- Leaders: Thomas Sabajo Hugo "Piko" Sabajo
- Dates active: 1989-1992
- Headquarters: Bigi Poika
- Active regions: West Suriname
- Ideology: Amerindian self-determination
- Wars: Surinamese Interior War

= Tucayana Amazonas =

Suriname guerrilla group

The Tucayana Amazonas was an Amerindian guerrilla commando group in Suriname.

Prior to the Tucayana Amazonas, many of the fighters had been soldiers during the Surinamese Interior War who fought on the side of the National Army against the Jungle Commando. The group felt betrayed by the 1989 Treaty of Kourou, a ceasefire agreement between the Jungle Commando and the Surinamese army, which gave the Maroons more rights, but neglected indigenous rights. The Tucayana claimed to be supported by all tribes.

On 31 August 1989, a group of Amerindians took possession of the ferry near Jenny and called themselves the Tucayana Amazonas. They initially caused confusion with non-natives because they thought that Tucayana was a tribe. The Tucayana went on to take the villages of Apoera, Washabo, and Bigi Poika, where they set up their headquarters.
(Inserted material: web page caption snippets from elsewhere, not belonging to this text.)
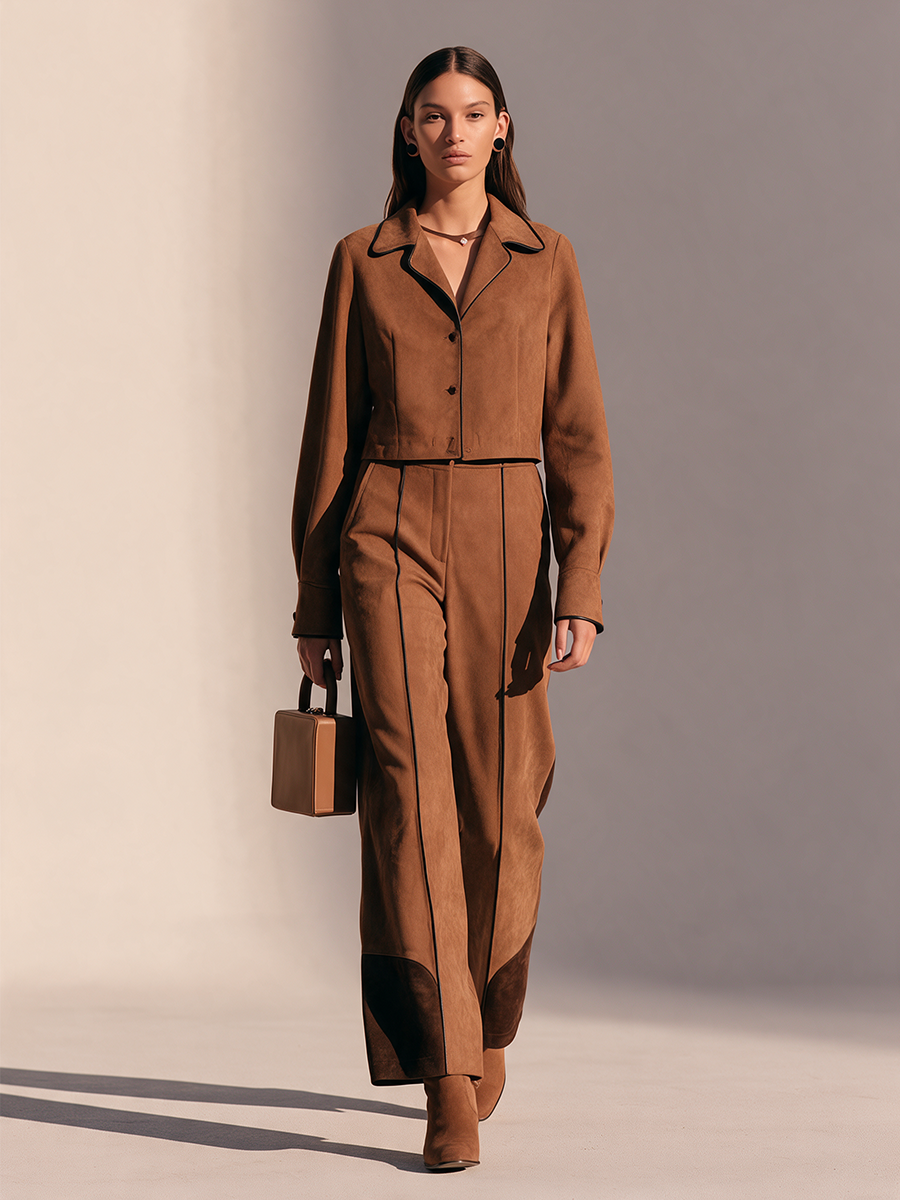 Women's Caramel Brown Faux Suede Black Piping Cropped Jacket And Wide-Leg Pants Set
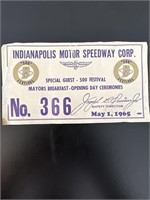 1965 Indy 500 Festival Opening Day Ceremonies tag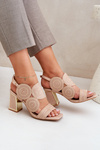 Embellished Heeled Sandals Dark Beige Delariona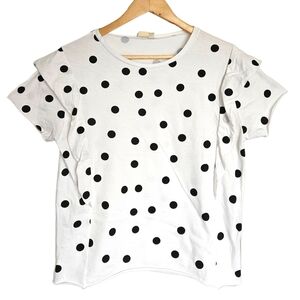 Cloth polka dot ruffle tee‎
The Tucayana Amazonas were headed by Thomas Sabajo with his brother Hugo "Piko" Sabajo as second in command in Bernharddorp, which was also liberated.
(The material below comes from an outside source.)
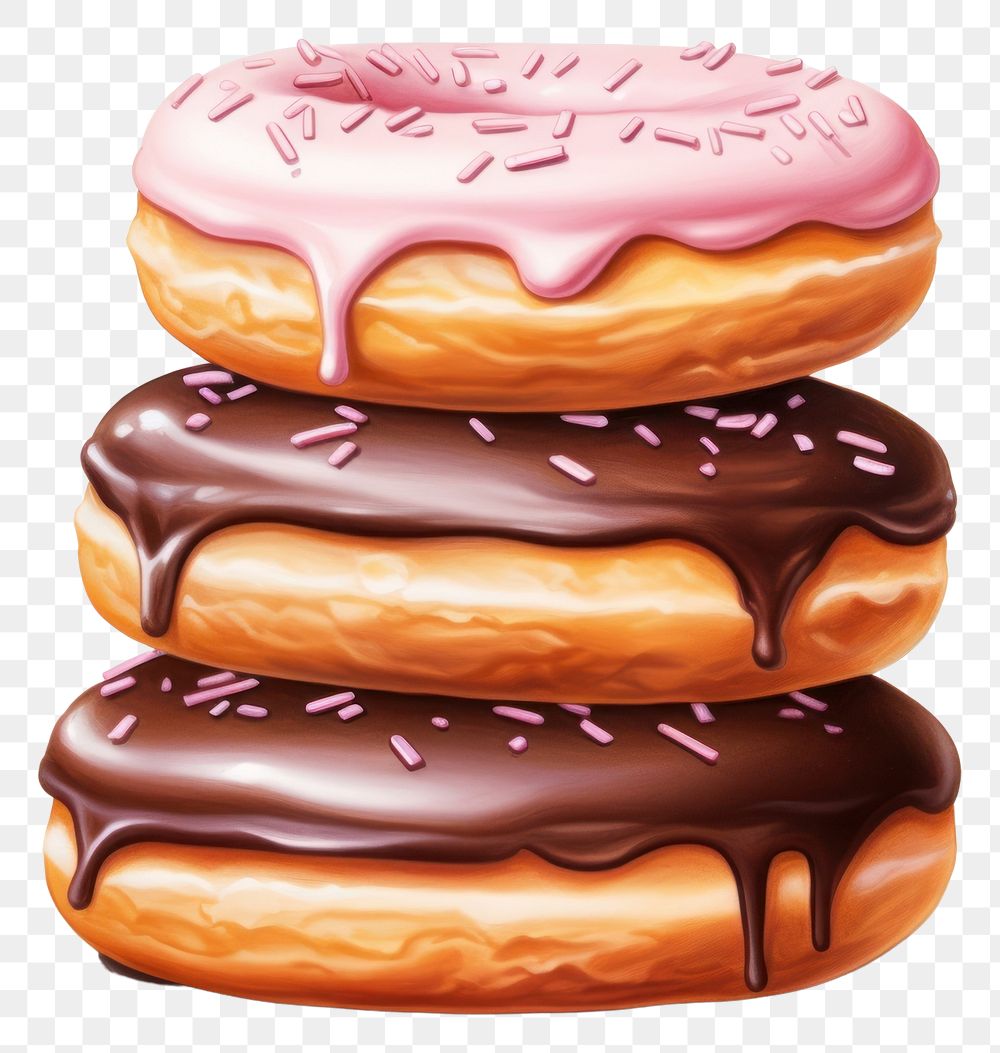 PNG Donut chocolate dessert glaze, digital paint illustration. AI generated image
They were fighting against the Army, however the seizure of the strategic villages triggered no reaction. On 13 October the town of Moengo, a stronghold of the Jungle Commando, got attacked; 20 soldiers were killed in the fighting. Infighting occurred between the brothers, and on 31 January 1990, Thomas was deposed as leader. However, Thomas switched sides to the Army which quickly moved in to regain control over the villages. The Human Rights Watch and the Organisation of American States claim that the Tucayana had always been a proxy army of the National Army, because the Army did not want to break the terms of the Treaty of Kourou.

After the fall of the villages, Piko fled to Guyana. Eight of his supporters were killed near Matta. In early February 1990, the commanders and indigenous chiefs released a statement in support of Thomas. A week later, Piko was arrested by the police in Guyana and returned to Suriname. Piko and three of his supporters were subsequently jailed in Fort Zeelandia. On 19 February 1990, they were later taken to Apoera where they were killed.

The Tucayana Amazonas continued as a political group, and they supported the elections of 1991. On 8 August 1992, a peace treaty was signed between the National Army, the Jungle Commando and the Tucayana Amazonas. In 1992, the Vereniging van Inheemse Dorpshoofden in Suriname (Association of Indigenous Village Chiefs in Suriname) was founded to regain traditional control in the villages and to act as a political pressure group.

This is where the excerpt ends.